Contributors
William J. Pearce is head of the Genito-Urinary & Reproductive Pharmacology section of the Faculty of Pharmacology & Drug Discovery at F1000, and a professor of physiology at Loma Linda University School of Medicine. He writes in this issue about the inappropriate use of citations in science papers, a subject with which he is very familiar—he published his first peer-reviewed paper 30 years ago, has served on dozens of study sections for the National Institutes of Health and the American Heart Association, and is currently part of the editorial board of five journals. Join the conversation in “Citations: Too Much, or Not Enough?” on page 29.
David Berreby is a freelance science writer who likes to tackle “big” questions such as “The Limits of Understanding” (p. 28). He’s the award-winning author of Us and Them: The Science of Identity, and has written for the New Yorker, The...
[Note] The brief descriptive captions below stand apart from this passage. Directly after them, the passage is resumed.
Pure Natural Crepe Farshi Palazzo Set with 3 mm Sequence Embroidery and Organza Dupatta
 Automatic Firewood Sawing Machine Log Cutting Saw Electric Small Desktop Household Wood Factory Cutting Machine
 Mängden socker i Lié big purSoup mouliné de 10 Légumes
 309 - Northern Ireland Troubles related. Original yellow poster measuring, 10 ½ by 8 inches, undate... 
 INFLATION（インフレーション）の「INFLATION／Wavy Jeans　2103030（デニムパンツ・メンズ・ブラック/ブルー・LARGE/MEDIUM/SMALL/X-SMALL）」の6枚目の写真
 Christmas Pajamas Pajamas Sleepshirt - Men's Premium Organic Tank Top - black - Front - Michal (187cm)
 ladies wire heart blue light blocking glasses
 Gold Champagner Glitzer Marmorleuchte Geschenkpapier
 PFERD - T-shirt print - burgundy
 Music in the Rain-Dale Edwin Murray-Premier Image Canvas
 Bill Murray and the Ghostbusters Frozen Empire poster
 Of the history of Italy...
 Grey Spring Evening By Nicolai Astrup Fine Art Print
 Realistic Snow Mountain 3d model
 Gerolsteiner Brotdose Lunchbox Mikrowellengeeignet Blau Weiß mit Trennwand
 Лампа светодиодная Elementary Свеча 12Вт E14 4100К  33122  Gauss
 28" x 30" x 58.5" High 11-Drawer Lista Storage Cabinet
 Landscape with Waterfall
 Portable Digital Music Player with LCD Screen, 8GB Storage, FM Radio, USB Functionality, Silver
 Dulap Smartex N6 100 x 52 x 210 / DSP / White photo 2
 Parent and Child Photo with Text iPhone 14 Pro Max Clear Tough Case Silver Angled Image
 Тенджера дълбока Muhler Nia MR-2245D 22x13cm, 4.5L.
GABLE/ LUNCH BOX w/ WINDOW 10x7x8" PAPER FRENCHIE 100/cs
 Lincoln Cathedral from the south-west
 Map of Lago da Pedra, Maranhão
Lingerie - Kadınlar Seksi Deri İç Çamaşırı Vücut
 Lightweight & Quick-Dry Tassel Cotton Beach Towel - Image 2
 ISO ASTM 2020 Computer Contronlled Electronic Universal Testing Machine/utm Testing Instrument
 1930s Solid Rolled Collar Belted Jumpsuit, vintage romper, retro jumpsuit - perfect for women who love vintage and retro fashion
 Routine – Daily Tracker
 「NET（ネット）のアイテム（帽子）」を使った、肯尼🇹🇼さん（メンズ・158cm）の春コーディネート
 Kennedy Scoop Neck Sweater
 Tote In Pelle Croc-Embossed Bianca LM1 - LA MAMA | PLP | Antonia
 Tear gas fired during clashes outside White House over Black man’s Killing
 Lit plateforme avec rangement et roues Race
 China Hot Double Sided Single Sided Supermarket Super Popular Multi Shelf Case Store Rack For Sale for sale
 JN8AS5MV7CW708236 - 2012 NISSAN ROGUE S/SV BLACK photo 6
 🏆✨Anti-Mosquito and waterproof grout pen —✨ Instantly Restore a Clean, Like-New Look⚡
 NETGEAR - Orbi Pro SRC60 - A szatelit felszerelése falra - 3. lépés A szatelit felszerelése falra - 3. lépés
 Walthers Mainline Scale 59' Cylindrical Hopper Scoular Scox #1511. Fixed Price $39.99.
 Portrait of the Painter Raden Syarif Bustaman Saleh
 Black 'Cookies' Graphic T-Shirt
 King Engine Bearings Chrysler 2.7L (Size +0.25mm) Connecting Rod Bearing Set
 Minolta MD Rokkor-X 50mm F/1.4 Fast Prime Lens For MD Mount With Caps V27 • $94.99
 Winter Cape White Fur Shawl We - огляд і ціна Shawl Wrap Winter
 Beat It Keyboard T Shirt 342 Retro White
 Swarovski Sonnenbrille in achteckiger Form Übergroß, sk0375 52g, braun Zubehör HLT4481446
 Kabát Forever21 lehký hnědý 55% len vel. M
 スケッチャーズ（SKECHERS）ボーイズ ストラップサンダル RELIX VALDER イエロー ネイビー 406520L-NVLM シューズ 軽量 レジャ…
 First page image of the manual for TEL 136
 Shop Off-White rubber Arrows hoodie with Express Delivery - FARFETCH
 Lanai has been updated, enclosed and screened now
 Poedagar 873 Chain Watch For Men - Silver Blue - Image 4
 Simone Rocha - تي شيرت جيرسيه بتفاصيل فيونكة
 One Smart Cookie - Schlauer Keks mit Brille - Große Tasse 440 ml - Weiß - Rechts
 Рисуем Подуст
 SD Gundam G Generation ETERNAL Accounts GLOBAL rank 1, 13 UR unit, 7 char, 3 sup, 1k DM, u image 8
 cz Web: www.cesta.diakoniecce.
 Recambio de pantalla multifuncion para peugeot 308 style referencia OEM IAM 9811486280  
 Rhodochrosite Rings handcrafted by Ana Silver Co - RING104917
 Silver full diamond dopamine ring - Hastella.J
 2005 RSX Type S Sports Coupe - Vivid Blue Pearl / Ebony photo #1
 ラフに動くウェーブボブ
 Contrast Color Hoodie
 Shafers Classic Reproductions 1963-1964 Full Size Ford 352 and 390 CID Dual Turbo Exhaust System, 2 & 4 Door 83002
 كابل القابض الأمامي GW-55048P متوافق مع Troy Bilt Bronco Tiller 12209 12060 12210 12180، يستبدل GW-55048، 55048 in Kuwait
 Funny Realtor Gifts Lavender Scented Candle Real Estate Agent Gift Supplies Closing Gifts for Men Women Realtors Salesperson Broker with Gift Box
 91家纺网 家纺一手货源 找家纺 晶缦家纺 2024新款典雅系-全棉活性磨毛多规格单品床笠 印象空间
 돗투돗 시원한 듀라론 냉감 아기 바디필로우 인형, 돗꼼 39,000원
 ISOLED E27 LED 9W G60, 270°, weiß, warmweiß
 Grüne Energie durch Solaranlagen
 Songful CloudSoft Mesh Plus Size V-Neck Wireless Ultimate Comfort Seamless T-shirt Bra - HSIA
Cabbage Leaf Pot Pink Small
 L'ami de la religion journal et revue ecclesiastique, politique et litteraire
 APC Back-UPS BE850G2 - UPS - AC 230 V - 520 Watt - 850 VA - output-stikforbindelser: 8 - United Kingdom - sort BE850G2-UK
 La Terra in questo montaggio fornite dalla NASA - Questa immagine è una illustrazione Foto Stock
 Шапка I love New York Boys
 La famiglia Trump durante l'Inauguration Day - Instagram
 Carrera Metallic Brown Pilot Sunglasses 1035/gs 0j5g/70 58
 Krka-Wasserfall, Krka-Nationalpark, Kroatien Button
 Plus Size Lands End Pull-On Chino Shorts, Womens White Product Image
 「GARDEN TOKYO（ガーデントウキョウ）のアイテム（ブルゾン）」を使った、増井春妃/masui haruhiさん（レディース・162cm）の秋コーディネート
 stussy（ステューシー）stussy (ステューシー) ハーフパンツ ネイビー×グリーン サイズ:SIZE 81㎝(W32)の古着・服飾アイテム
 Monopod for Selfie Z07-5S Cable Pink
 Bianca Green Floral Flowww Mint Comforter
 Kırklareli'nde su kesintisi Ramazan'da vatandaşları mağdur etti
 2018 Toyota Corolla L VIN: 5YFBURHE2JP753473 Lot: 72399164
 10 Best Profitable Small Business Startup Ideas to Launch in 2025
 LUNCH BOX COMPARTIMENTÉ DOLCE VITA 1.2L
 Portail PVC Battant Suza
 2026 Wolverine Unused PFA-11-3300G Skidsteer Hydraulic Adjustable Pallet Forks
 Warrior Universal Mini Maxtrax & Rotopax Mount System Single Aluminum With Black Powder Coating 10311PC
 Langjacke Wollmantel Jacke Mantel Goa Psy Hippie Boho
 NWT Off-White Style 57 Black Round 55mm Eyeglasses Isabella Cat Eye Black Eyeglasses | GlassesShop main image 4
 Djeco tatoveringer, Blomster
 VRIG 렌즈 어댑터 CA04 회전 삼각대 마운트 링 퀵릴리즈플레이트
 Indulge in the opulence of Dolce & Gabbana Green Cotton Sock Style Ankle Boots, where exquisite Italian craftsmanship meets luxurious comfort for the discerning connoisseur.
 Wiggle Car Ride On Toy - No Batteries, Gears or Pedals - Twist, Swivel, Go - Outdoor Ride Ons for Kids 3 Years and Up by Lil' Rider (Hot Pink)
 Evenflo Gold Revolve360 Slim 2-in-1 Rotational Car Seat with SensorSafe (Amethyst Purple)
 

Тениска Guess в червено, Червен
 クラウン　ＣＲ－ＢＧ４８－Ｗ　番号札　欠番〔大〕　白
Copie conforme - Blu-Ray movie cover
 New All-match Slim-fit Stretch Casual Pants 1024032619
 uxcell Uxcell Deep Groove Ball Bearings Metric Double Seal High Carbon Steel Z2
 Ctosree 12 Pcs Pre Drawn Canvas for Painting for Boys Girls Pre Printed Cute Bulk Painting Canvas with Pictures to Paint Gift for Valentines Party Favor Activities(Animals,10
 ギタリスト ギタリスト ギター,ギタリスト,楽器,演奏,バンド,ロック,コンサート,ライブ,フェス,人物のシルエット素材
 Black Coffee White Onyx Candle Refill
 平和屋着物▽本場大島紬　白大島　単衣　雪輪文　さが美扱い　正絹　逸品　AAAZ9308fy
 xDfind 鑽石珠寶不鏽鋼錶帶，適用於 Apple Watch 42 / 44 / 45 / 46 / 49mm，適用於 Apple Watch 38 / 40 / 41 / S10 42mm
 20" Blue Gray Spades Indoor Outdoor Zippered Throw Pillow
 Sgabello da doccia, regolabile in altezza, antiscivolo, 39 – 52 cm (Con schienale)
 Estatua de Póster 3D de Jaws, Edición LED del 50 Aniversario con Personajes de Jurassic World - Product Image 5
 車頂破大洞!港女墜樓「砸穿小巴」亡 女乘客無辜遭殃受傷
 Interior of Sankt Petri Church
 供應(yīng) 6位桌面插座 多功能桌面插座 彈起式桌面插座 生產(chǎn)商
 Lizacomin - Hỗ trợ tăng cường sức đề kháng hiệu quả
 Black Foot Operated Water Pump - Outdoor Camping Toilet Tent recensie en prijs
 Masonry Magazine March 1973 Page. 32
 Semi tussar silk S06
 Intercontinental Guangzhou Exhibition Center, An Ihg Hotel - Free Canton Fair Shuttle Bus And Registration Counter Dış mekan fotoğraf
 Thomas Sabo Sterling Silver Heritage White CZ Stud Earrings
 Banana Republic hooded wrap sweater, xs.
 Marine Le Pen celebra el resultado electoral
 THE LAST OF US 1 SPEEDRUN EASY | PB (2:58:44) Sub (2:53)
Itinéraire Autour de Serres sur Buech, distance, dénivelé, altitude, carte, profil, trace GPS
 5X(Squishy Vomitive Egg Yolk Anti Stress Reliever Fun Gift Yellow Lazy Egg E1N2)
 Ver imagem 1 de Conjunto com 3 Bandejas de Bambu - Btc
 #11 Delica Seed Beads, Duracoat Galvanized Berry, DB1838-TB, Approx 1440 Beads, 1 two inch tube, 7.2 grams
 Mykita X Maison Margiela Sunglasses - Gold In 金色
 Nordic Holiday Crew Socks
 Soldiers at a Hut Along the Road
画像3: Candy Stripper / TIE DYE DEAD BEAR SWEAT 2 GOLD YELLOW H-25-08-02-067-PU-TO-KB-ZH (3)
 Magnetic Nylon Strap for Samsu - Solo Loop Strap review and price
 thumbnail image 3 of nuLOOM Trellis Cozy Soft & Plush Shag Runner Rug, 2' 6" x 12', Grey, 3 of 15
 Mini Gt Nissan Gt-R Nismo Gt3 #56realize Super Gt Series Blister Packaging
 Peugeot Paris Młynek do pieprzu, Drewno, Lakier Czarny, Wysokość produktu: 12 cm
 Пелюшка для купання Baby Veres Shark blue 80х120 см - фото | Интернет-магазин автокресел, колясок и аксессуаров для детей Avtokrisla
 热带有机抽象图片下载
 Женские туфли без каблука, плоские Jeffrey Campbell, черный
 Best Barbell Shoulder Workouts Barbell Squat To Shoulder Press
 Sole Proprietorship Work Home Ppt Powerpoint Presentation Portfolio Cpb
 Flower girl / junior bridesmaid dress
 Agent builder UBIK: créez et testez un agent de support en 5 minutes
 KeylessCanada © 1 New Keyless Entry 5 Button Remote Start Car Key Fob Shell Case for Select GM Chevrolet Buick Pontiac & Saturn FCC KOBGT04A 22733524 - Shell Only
“Science turns me on…Intellectually,” says Cristina Luiggi. As one of The Scientist’s summer editorial interns, she’s been getting plenty of excitement. “They put me to work straight away,” she says. “I get to immerse myself in so many different fields.” She previously interned at Seed and Esquire magazines after graduating from the Newhouse school of Public Communication at Syracuse University in 2009. Her desire to share her love of science with the world drew her to science writing from her undergraduate chemistry experience, where she worked as a research assistant at Memorial Sloan-Kettering Cancer Center and the National Institute on Aging. “I like putting it all together and storytelling—that process of putting together all the scattered pieces.”
João Fazenda has been publishing comic books since he was 18. His illustration for this month’s quotes page (p. 16) is his first for a science magazine, but he was excited by the challenge. “I’m willing to do as many different things as I can, to try these different types of illustration and drawing,” he says. He has lived his entire life in Lisbon, Portugal, where he got a degree in painting from the Lisbon School of Fine Art. He now splits his time between Lisbon and London. He has been illustrating magazines, newspapers and children’s books since 1999. Fazenda has become more interested in animation and is currently using his storytelling abilities to direct and animate a short film, due out at the end of the year.